Scraped caption text data:
--- --- ---
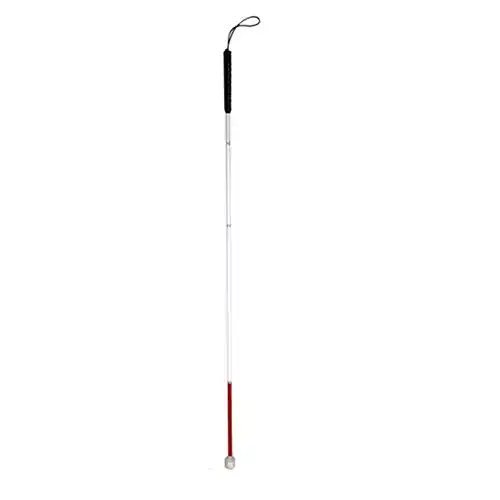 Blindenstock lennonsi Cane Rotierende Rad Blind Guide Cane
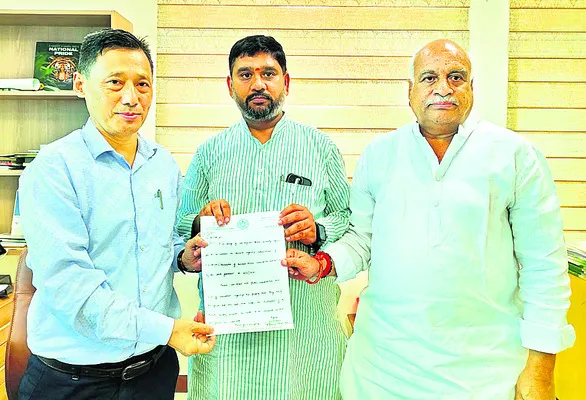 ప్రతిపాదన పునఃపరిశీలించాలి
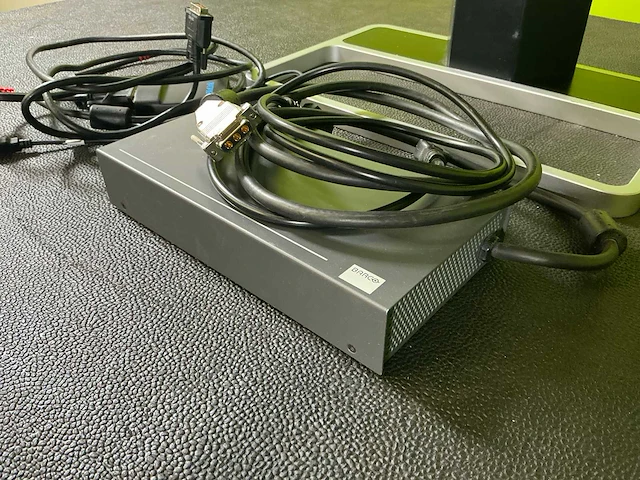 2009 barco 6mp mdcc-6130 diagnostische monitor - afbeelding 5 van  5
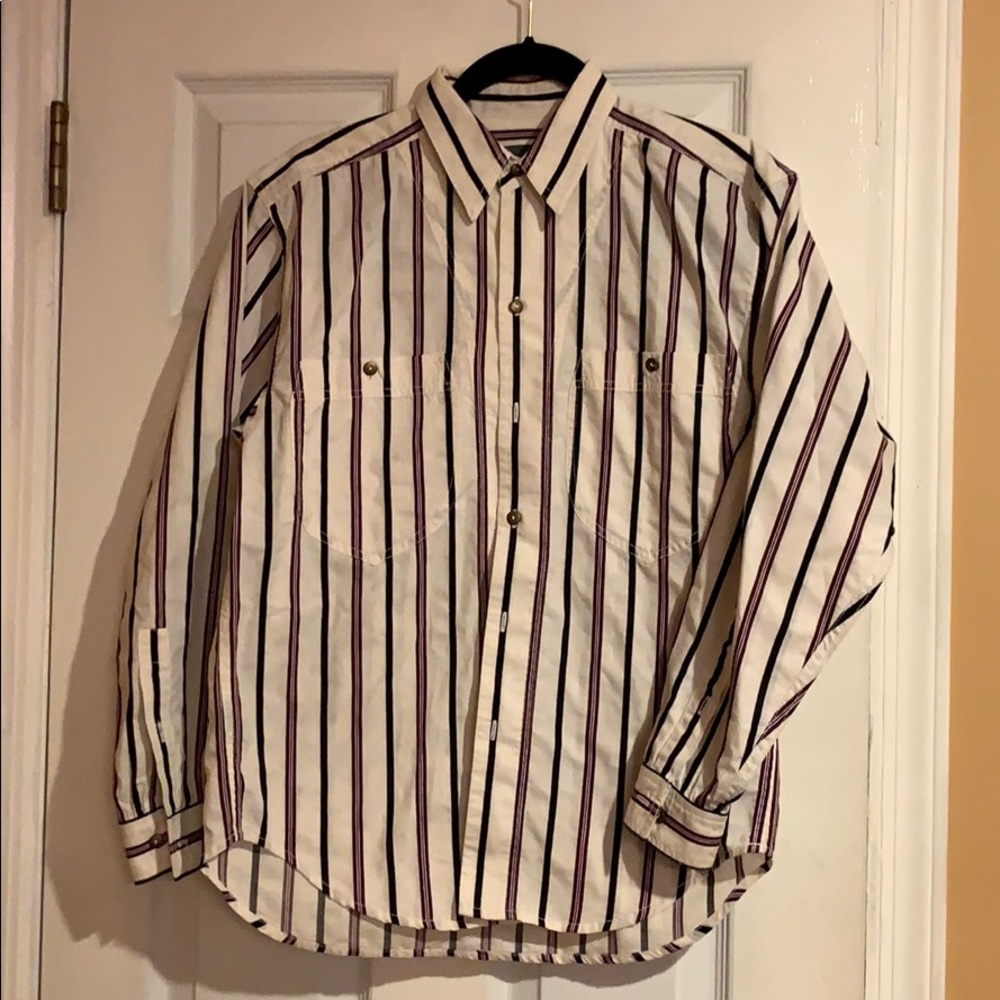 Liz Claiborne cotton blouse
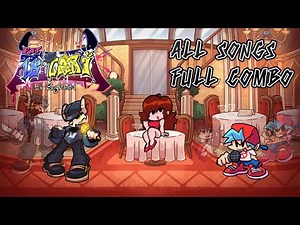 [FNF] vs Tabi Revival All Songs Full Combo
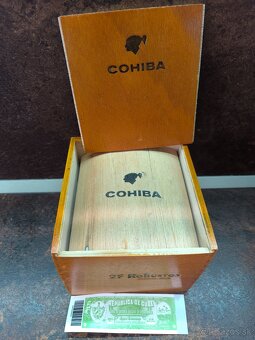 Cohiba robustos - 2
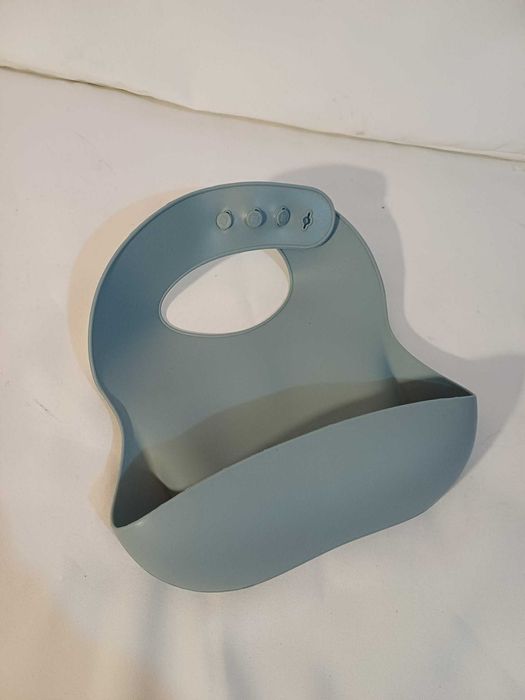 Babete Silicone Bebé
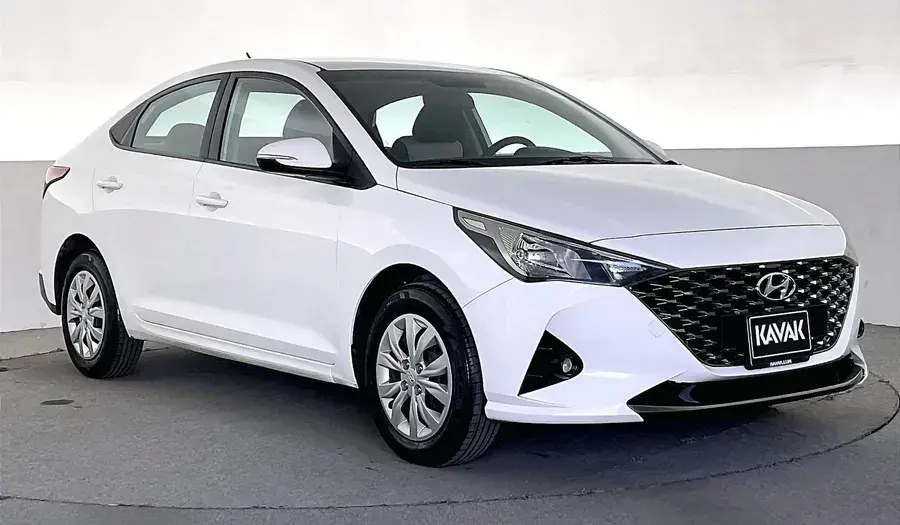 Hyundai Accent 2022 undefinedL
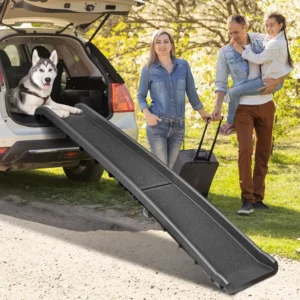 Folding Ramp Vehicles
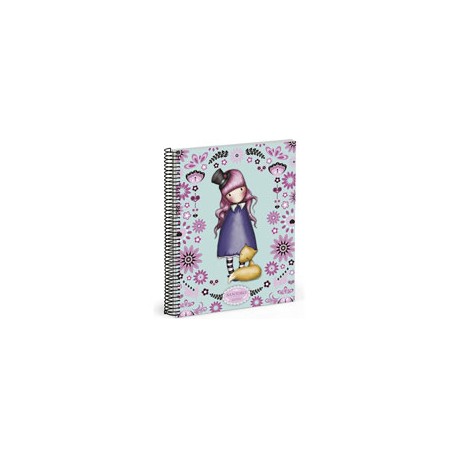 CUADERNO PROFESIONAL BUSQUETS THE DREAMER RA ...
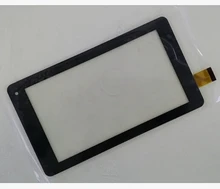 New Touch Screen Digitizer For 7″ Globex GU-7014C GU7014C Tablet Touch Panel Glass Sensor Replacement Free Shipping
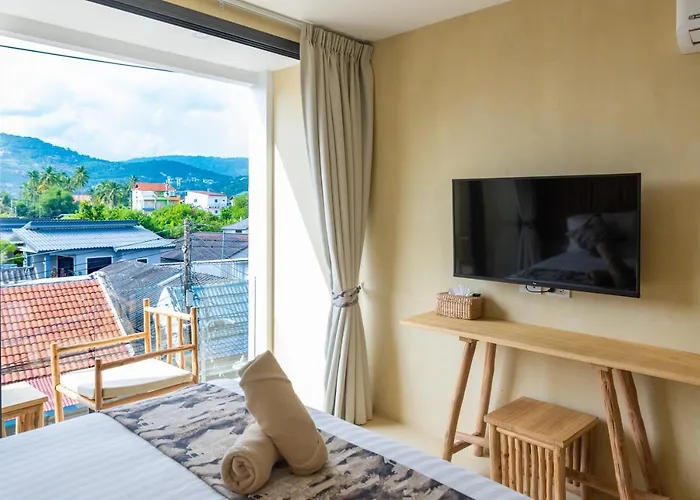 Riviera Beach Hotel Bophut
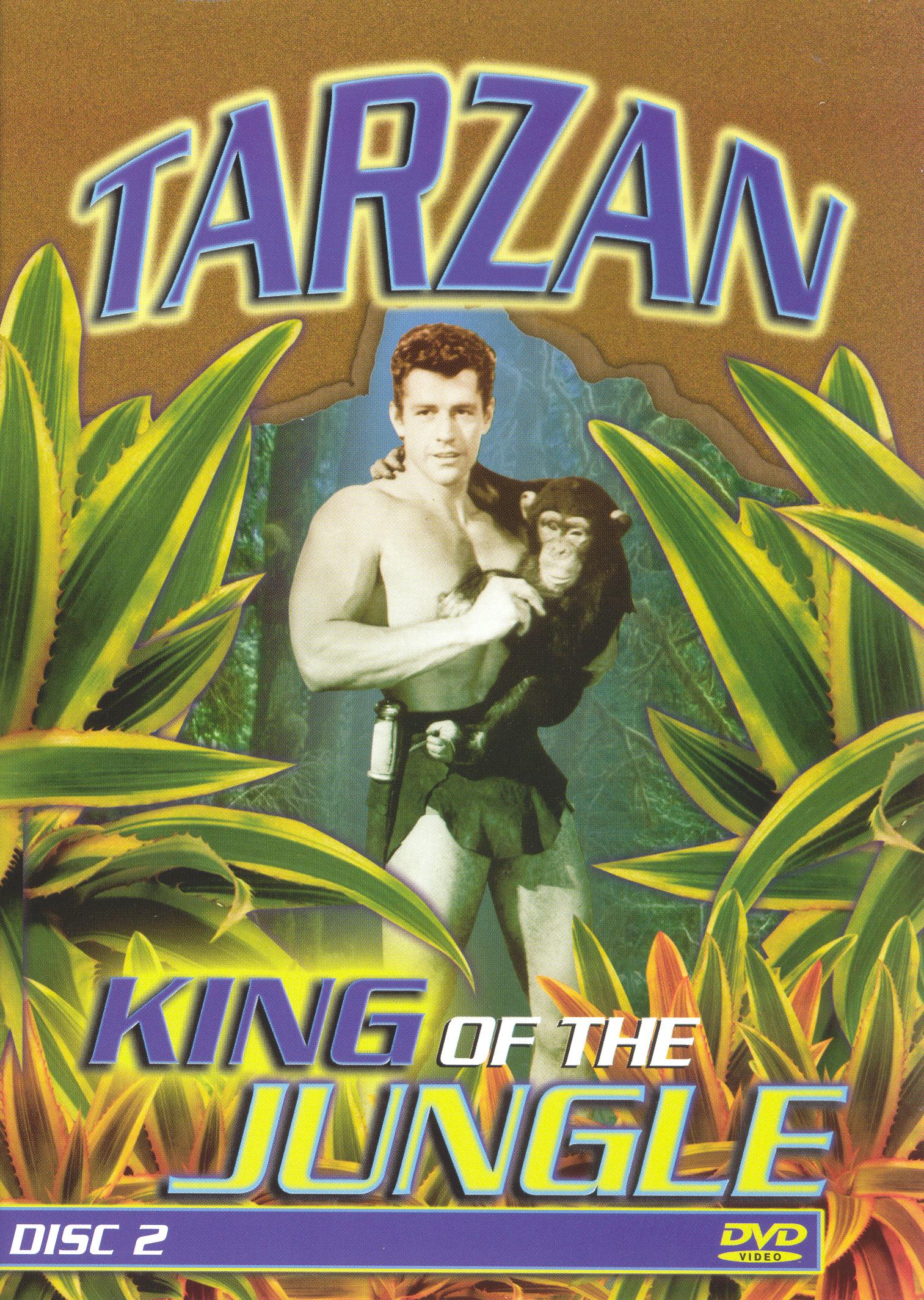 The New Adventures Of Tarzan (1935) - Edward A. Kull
--- --- ---
• [TASK DIRECTIONS]:
Repeat, word for word, each of the records, omitting any image they hold.

• [RESULT BELOW]:
 Blindenstock lennonsi Cane Rotierende Rad Blind Guide Cane
 ప్రతిపాదన పునఃపరిశీలించాలి
 2009 barco 6mp mdcc-6130 diagnostische monitor - afbeelding 5 van  5
 Liz Claiborne cotton blouse
 [FNF] vs Tabi Revival All Songs Full Combo
 Cohiba robustos - 2
 Babete Silicone Bebé
 Hyundai Accent 2022 undefinedL
 Folding Ramp Vehicles
 CUADERNO PROFESIONAL BUSQUETS THE DREAMER RA ...
 New Touch Screen Digitizer For 7″ Globex GU-7014C GU7014C Tablet Touch Panel Glass Sensor Replacement Free Shipping
 Riviera Beach Hotel Bophut
 The New Adventures Of Tarzan (1935) - Edward A. Kull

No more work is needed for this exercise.